I watched part of a fascinating documentary on the life of Joe Strummer, lead singer of the Clash. The tail end of the film focused on a final project he was working on just before he died—quite unexpectedly of an aneurism at the age of 50. The film follows the process of Strummer putting together songs and musicians for a kind of reunion of old band mates for a new record and tour. He said as soon as he had made the decision to make a new record, the songs showed up and he couldn’t stop the flow. They came quickly, randomly, and profusely at all hours and in any context—he’d scratch lyrics out on anything he could grab nearby: napkins, matchbooks, receipts. He became incredibly prolific in these final months of his life, which seemed to make his death all the more tragic.
It kind of turns our logic about creativity upside down, doesn’t it? We think we have to have all our ducks in a row before we decide to step out with some new endeavor, but in fact it’s sometimes the stepping out that brings the ideas.

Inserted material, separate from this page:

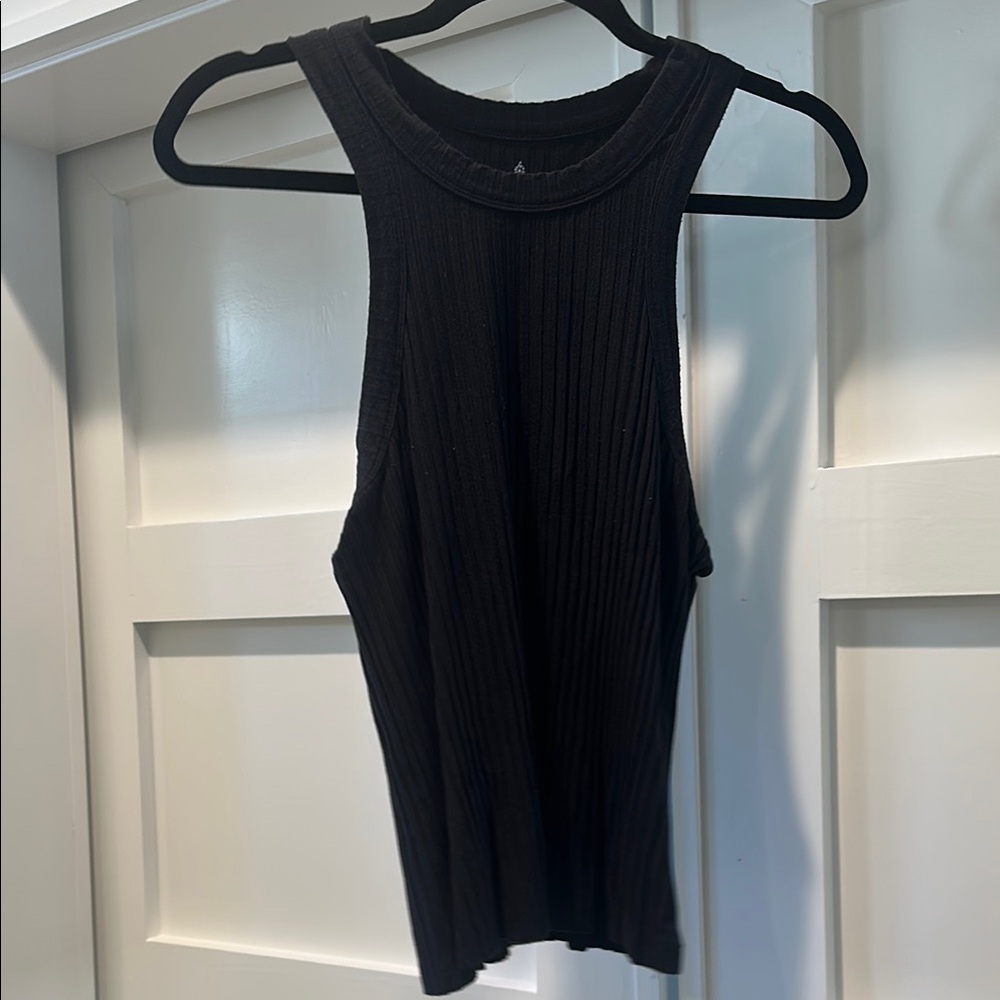 FP Movement by Free People Black Ribbed Cut Out Tank Top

There is an attractive appeal to not finishing a creative project. I have allowed myself the luxury of ten thousand conversations with friends about things I’m “thinking about doing” without ever taking the thing across the finish line. For a lot of reasons. It’s more fun to talk about something than to do the work is the most obvious. And the fears and resistance deep inside that fight to keep us from taking decisive action are a formidable foe.
But sooner or later we need to just do the thing. Turn our verbs into nouns, as Twyla Thorpe says (The Creative Habit). Productivity implies that there will be a product at the end of the process. Maybe sometimes we need to “fake it ’til we make it” in our creative life, if faking it in this sense means to create as though there’s an end result to our work that the world is clamoring for–a new record, a novel, a poem, a painting. And in the faking it, the ideas come like water from a primed pump and before we realize it, we actually make it.